When BDS activists target companies that profit directly from the occupation and are prosecuted, the illegality of the settlements will become an issue
The acquittal this week of four London-based activists for Boycott, Divestment and Sanctions (BDS) raises profound issues for traders in products which originate from illegal Israeli settlements in the Occupied Palestinian Territories (OPT). The case also poses challenging questions for the UK authorities, who have failed to confront the legal and moral problems surrounding settlement trade.
In September and December last year, the activists entered a shop selling products from cosmetics company Ahava in Monmouth Street, Covent Garden in London, and locked themselves to oil drums filled with concrete. In both cases, the shop was forced to cease trading for several hours.
As a result, the activists were charged with offences under s.68 and s.69 of the Criminal Justice and Public Order Act 1994. The section 68 offence, known as aggravated trespass, is committed where the accused trespasses on land and does something intended to obstruct or disrupt any lawful activity.
An offence is committed under s.69 of the Act where the accused refuses to leave the land as soon as practicable having been ordered to do so by the senior police officer at the scene. The officer must have reasonable grounds to believe that the person subject to the order is committing, or about to commit an offence of aggravated trespass.
Even if it subsequently emerges that the activity which the accused intended to disrupt was unlawful, he or she will be guilty of the offence under s.69 as long as the police officer had good reason to believe otherwise.
The defendants certainly set out to prevent the shop from trading. The central issue was whether the shop was trading lawfully, defence contending that it was not.
The defendants adduced evidence that the products on sale in the shop were manufactured at a plant in Mitzpe Shalem, an illegal settlement in the OPT. It was argued that the trade in Ahava products encouraged the growth of the settlement, thereby assisting in the transfer of Israeli civilians into the OPT in violation of Article 49 of the Fourth Geneva convention.
But the origin of Ahava products had other, more immediate legal implications. Firstly, the goods on sale in the shop are labelled “Made by Dead Sea Laboratories Limited, Dead Sea, Israel.” This suggests that the goods are manufactured within Israel’s recognised borders.
A retailer may commit offences by presenting misleading information about the origin of a product. For example, the Consumer Protection from Unfair Trading Regulations 2008 makes it a criminal offence to mislead consumers as to the geographical or commercial origin of a product.
The UK government’s own guidance to retailers (“the DEFRA guidelines”), published in December 2009, state that “traders would be misleading consumers, and would therefore almost be certainly committing an offence, if they were to declare produce from the OPT (including from the West Bank) as ‘Produce of Israel’.” Relying on the government’s own legal advice, the defendants argued that by passing off settlement goods as produce of Israel, Ahava was committing criminal offences in domestic law.
On the first day of trial, the prosecution dropped the s.68 charge, which meant that they would not seek to prove that the Ahava shop was trading lawfully. The significance of this decision was obvious.

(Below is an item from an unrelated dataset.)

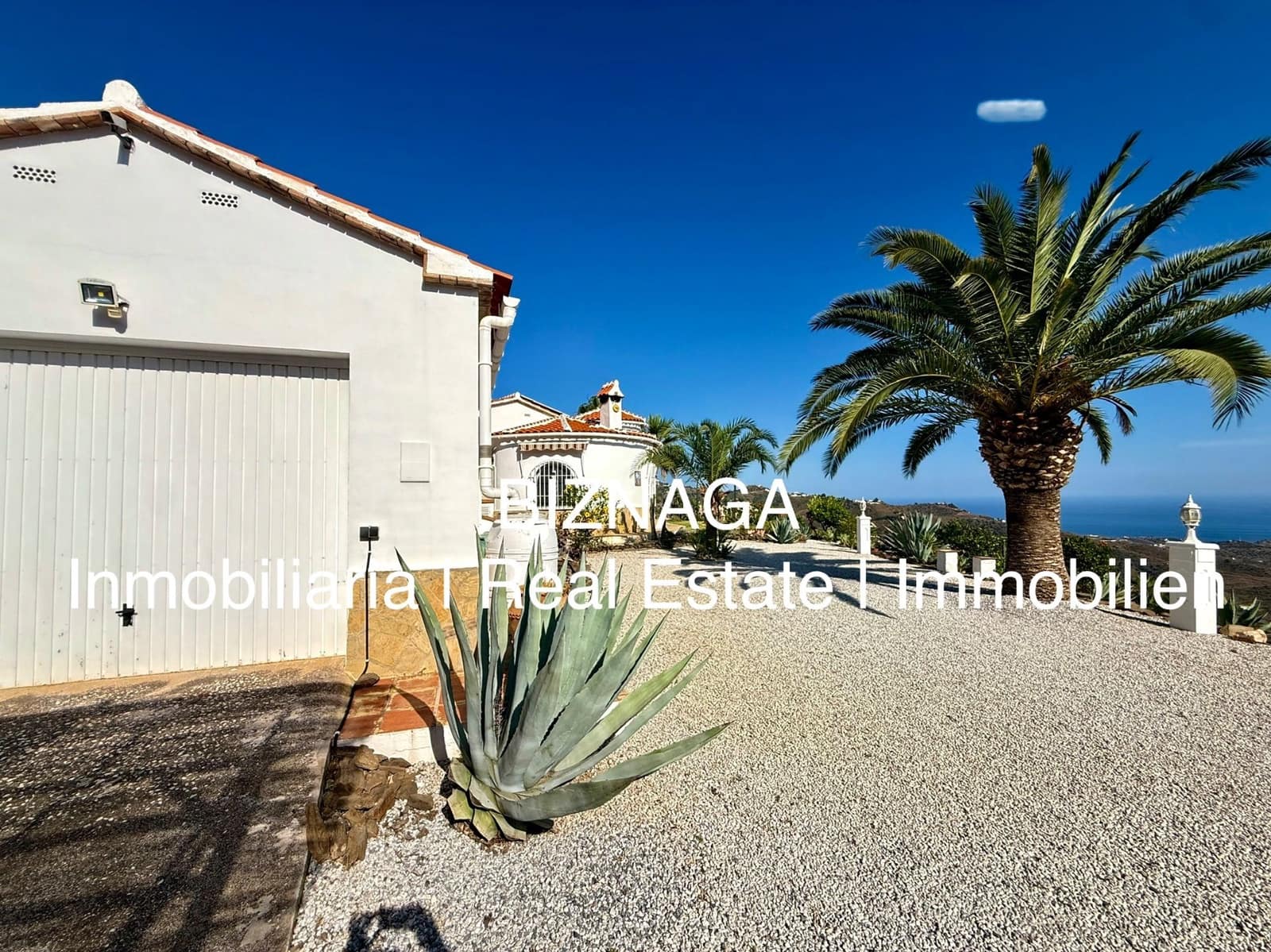 3 slaapkamer Villa te koop in Arenas met zwembad garage - € 535.000 (Ref: 9910074)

The prosecution pressed on with the s.69 charge but the Ahava employee on whose evidence the prosecution relied refused to attend court, even after a witness summons was issued. Had she attended and then been cross examined by defence lawyers, Ahava’s activities would have been subject to very public scrutiny.

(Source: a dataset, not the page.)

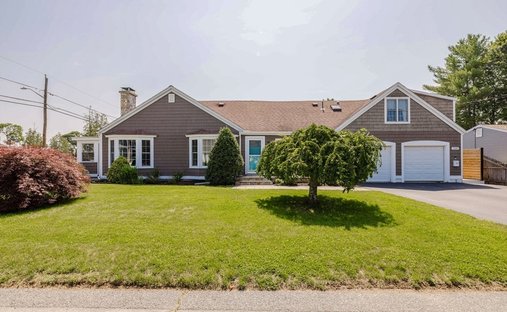 House in Somerset, Massachusetts, United States 1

The lessons for settlement traders are obvious. When BDS activists target companies that profit directly from the occupation and are prosecuted, the illegality of the settlements will become an issue. As the Ahava case shows, illegality in international law is likely to give rise to illegality in domestic law. Companies engaged in settlement trade will find that their activities are brought under the legal spotlight, something they are unlikely to enjoy.

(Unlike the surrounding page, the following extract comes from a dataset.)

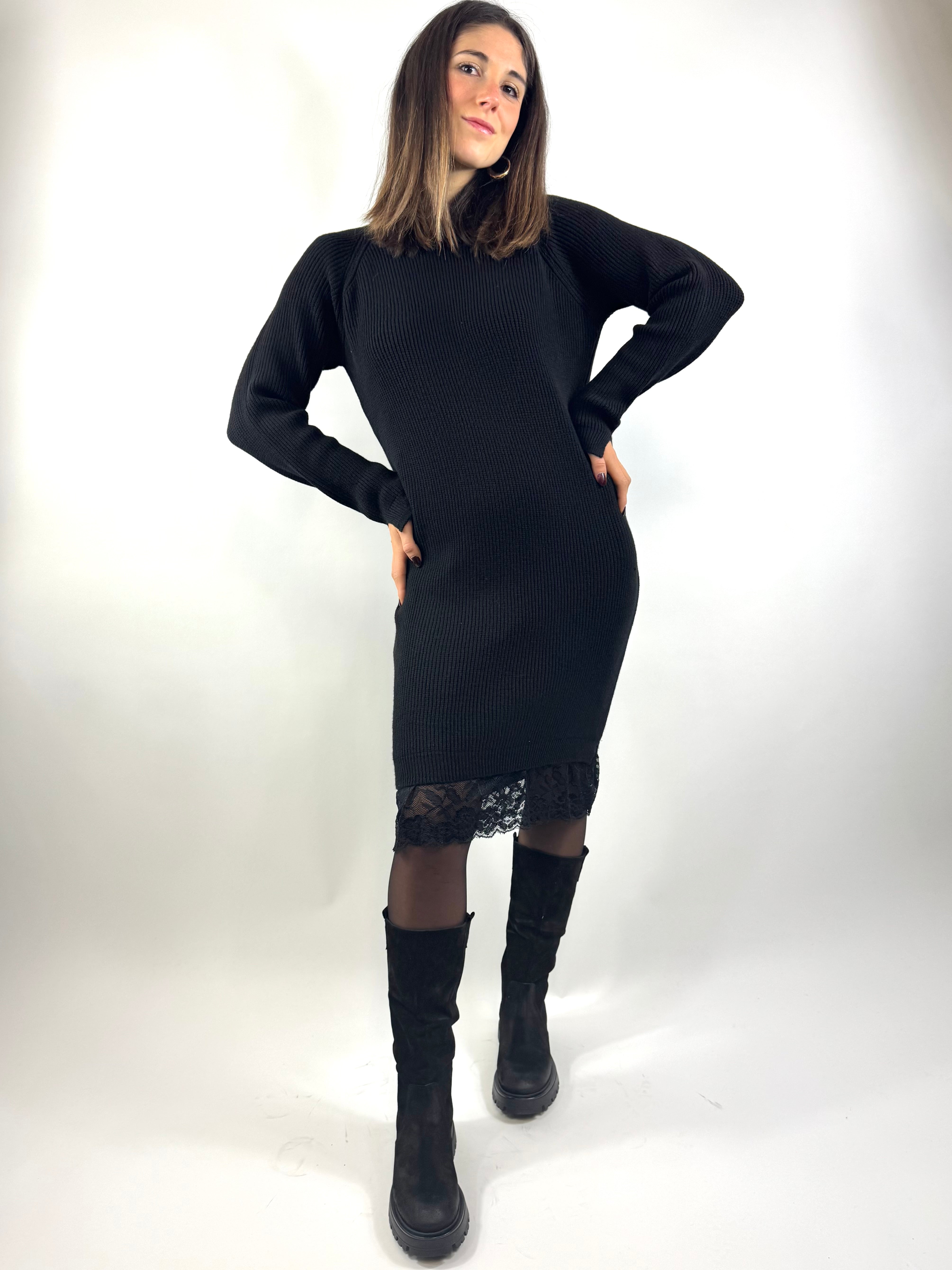SUSY MIX ABITO IN MAGLIA CON PIZZO NERO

But there are also problems for the authorities. How do they police direct action against companies whose activities may themselves be unlawful? For how long can police officers continue to plead ignorance about the legal issues surrounding settlement trade, especially when activists carefully explain why it is they feel compelled to act? The authorities have shown little willingness to deal with complaints against Ahava, but public pressure is growing. It is time that consumer protection rules were properly enforced.
The government should also press the EU to conduct a fundamental review of the EU-Israel trade agreement in light of evidence that it is being wrongly exploited by settlement traders and cannot be properly policed. Beyond this, the government should consider whether it should take steps to prevent the marketing of all settlement produce in the UK.
No one can seriously doubt that settlement trade drives settlement growth. Like all governments, the UK is under a duty to bring an end to serious breaches of peremptory norms of international law. The denial of Palestinian self-determination through settlement expansion surely comes within this definition.
Simon Natas acted for the defendants in the “Ahava Four” case. He is a partner and solicitor advocate at Irvine Thanvi Natas solicitors, specialising in criminal defence and human rights law.